4. Drużyna potrafi lepiej reagować na stracone bramki, co udowodnił mecz z Aston Villą, w którym odwróciliśmy losy spotkania. Po trafieniu Kevina de Bruyne też wydawało się, że kolejny gol gości to kwestia czasu, jednak znów to do nas należało ostatnie słowo w meczu. W tym sezonie Premier League przyzwyczailiśmy się, że zawodnicy po straconej bramce, tracili również wiarę w siebie i rzadko potrafili przechylić szalę zwycięstwa na swoją stronę.
5. Frank Lampard pokazał wielki kredyt zaufania dla Andreasa Christensena, niektórzy mogą to nazwać swoistą "rosyjską ruletką". Duńczyk nie dał absolutnie żadnych powodów, by wyjść w podstawowym składzie na tak ważne spotkanie, jednak nasz trener postanowił zbudować zawodnika i dać mu możliwość do udowodnienia swoich umiejętności. Ten odwdzięczył się i zagrał swój najlepszy mecz w sezonie, walnie przyczyniając się do ważnego zwycięstwa.
6. Tammy Abraham zgubił swój blask. Zawodnik co prawda miał udział przy rzucie karnym, jednak już w tej sytuacji powinien umieścić piłkę w siatce. Czekamy na powrót formy Anglika.
7. Billy Gilmour wszedł na 5 minut meczu i zaliczył genialne krzyżowe podanie do Pedro, które powinno zakończyć się asystą. Młody Szkot nie przestaje nas zaskakiwać.

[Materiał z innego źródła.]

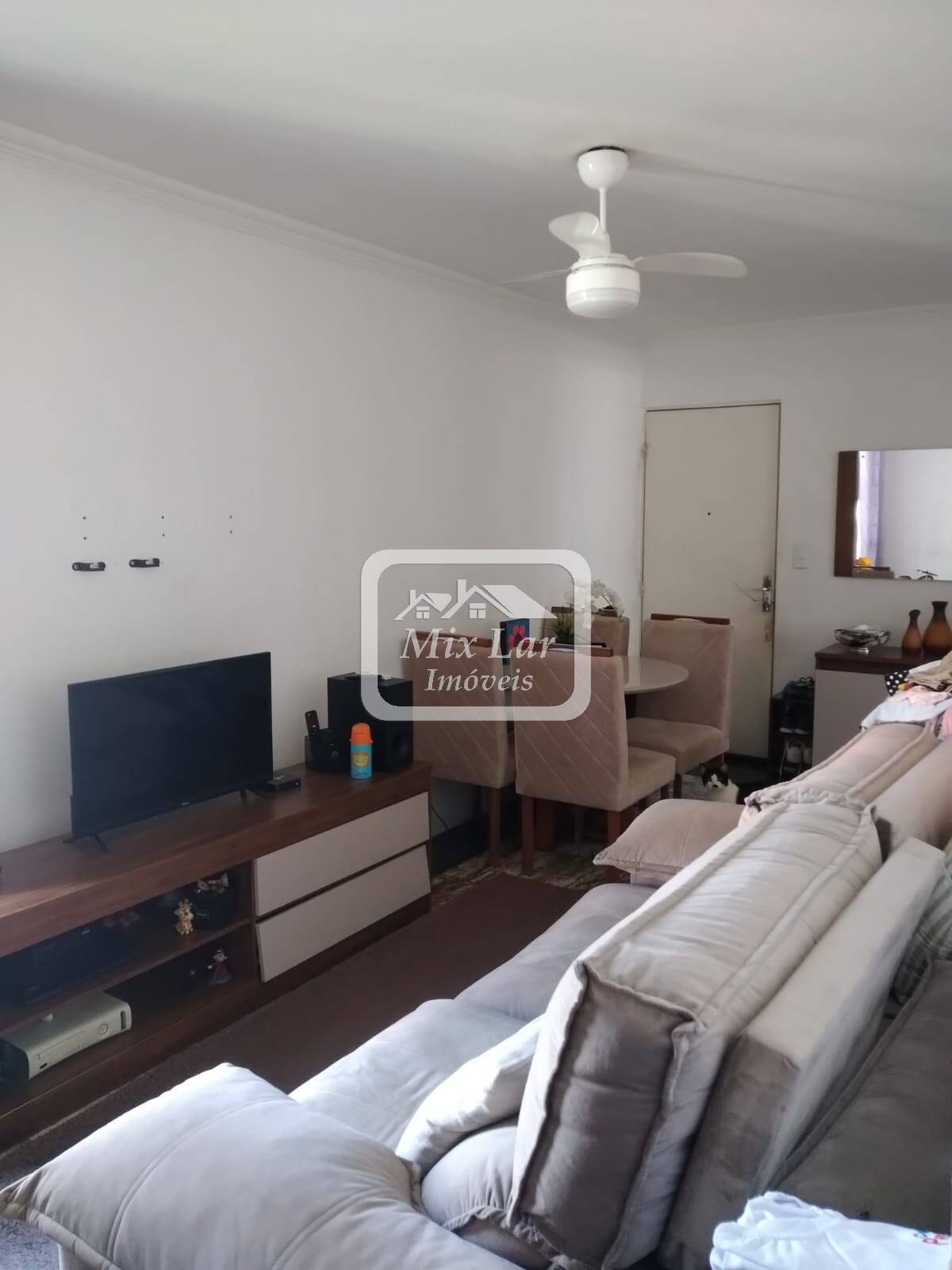 Apartamento à venda com 3 quartos, 64m² - Foto 2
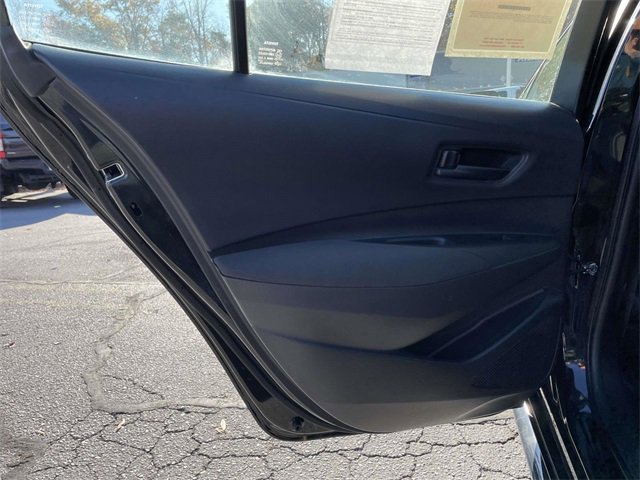Used 2022 Toyota Corolla LE image 15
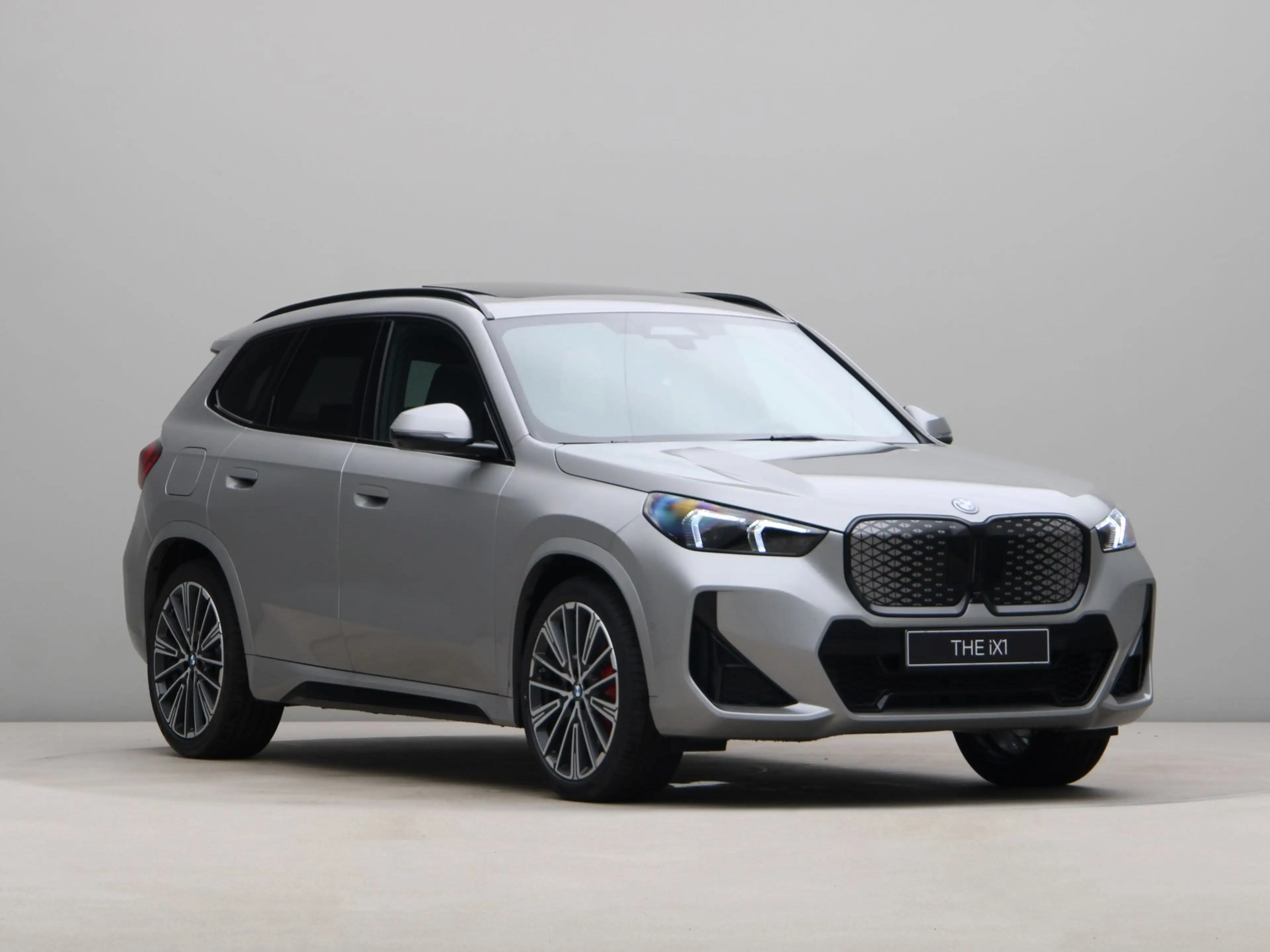BMW iX1 eDrive20 67 kWh M Sport Edition — photo 7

8. Christian Pulisic w formie to zawodnik potrafiący zmieniać oblicze meczu. Na kogoś takiego czekamy po odejściu Edena Hazarda. Pozostaje życzyć dużo zdrowia dla "Kapitana Ameryki", gdyż ten w dobrej dyspozycji wydaje się być kluczowym w układance Lamparda.

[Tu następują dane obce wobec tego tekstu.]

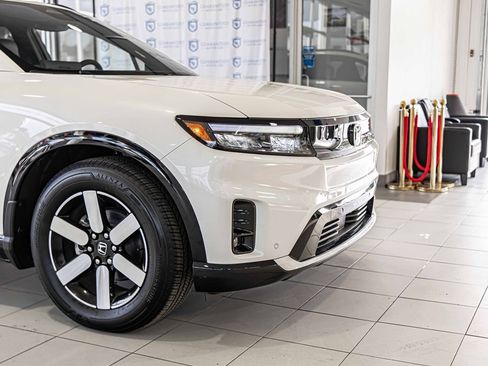 Used 2025 Honda Prologue Touring image 4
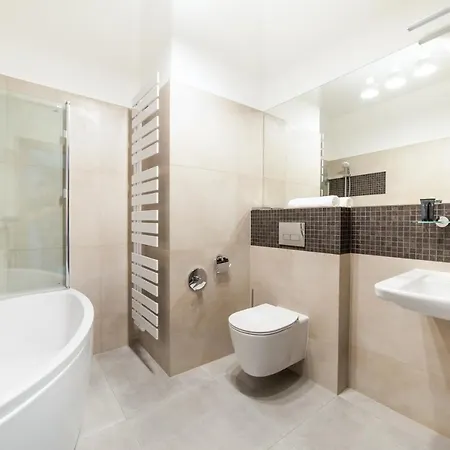 Aparthotel Portal House 4*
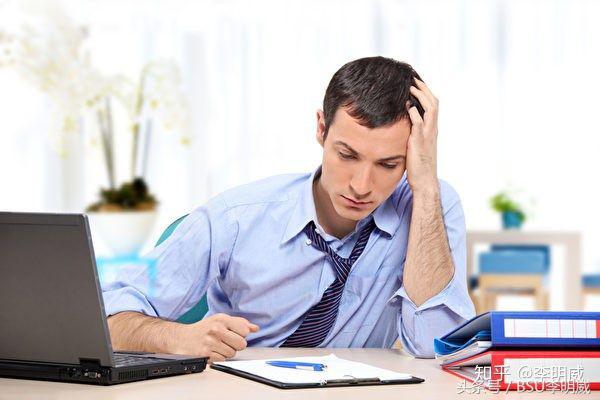 久坐的正确拉伸方法,上班族拉伸改善圆肩驼背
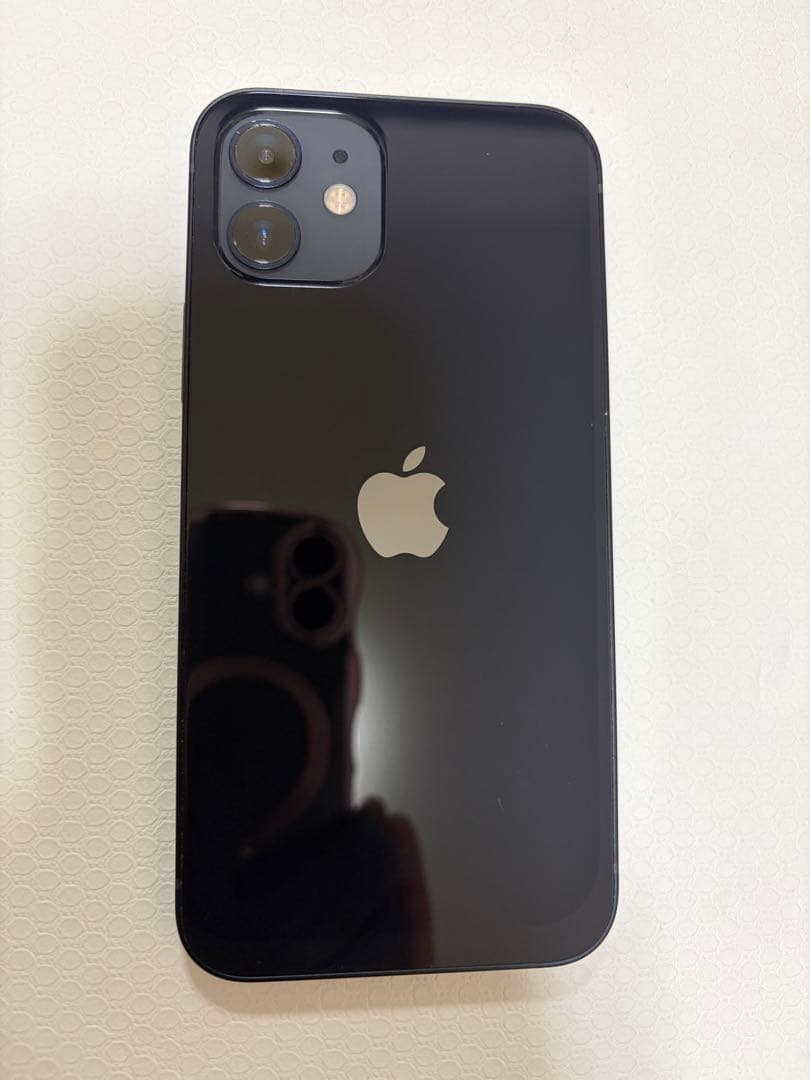 Apple iPhone12 本体　ブラック　64GB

9. Chelsea ma szanse wskoczyć na trzecie miejsce w ligowej tabeli, tracąc już jedynie punkt do "Lisów". Leicester w tym roku kalendarzowym nie przypomina drużyny z jesieni, która wygrywała mecz po meczem. Nadarza niepowtarzalna okazja, by ich wyprzedzić. Ma to szczególne znaczenie, patrząc na bardzo łatwy terminarz goniącego nas Manchesteru United, który ma co prawa pięć punktów straty, jednak Chelsea czekają jeszcze bardzo trudne starcia ligowe (w tym wyjazdowa potyczka z nowokoronowanym mistrzem Anglii, Liverpoolem).

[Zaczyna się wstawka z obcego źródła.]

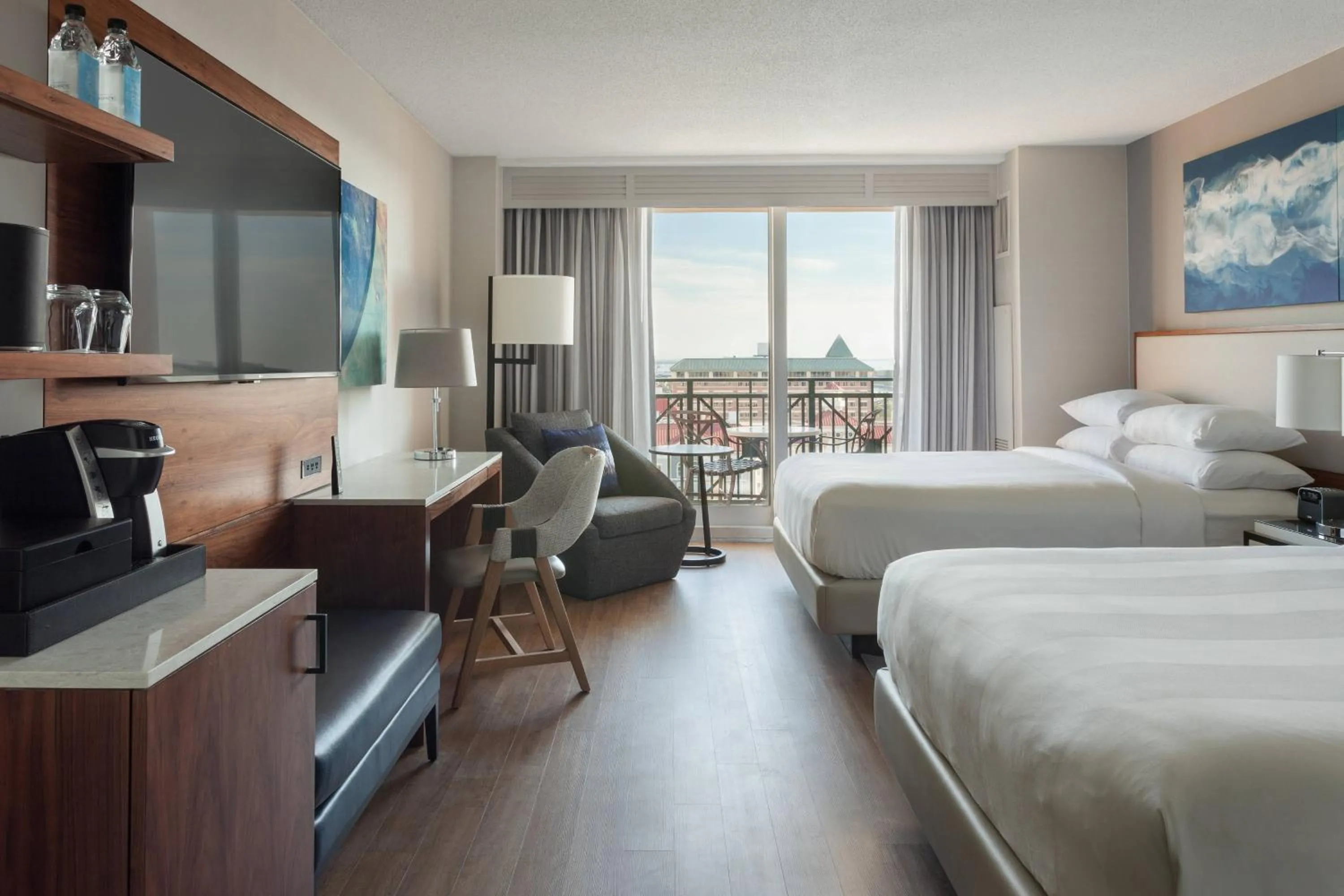 Photo of the whole room, Bed in Tampa Marriott Water Street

10. Po dwóch meczach rozgrywanych w cztery dni na szczęście ominęły nas kontuzje. Coś, czego obawiało się wielu ekspertów, póki co nas nie dotyczy. Poza Callumem i Fikayo kontuzjowanymi jeszcze przed rozpoczęciem zmagań, wszyscy są zdrowi, a Frank Lampard ma pozytywny ból głowy przy ustalaniu wyjściowego składu. W obydwu meczach nasz trener dobrze rozporządzał siłami zawodników i miejmy nadzieję, że tak będzie już do końca ligowych zmagań.
- Źródło: własne
Aby móc dodać komentarz musisz się zalogować lub zarejestrować, jeśli wciąż nie posiadasz u nas konta.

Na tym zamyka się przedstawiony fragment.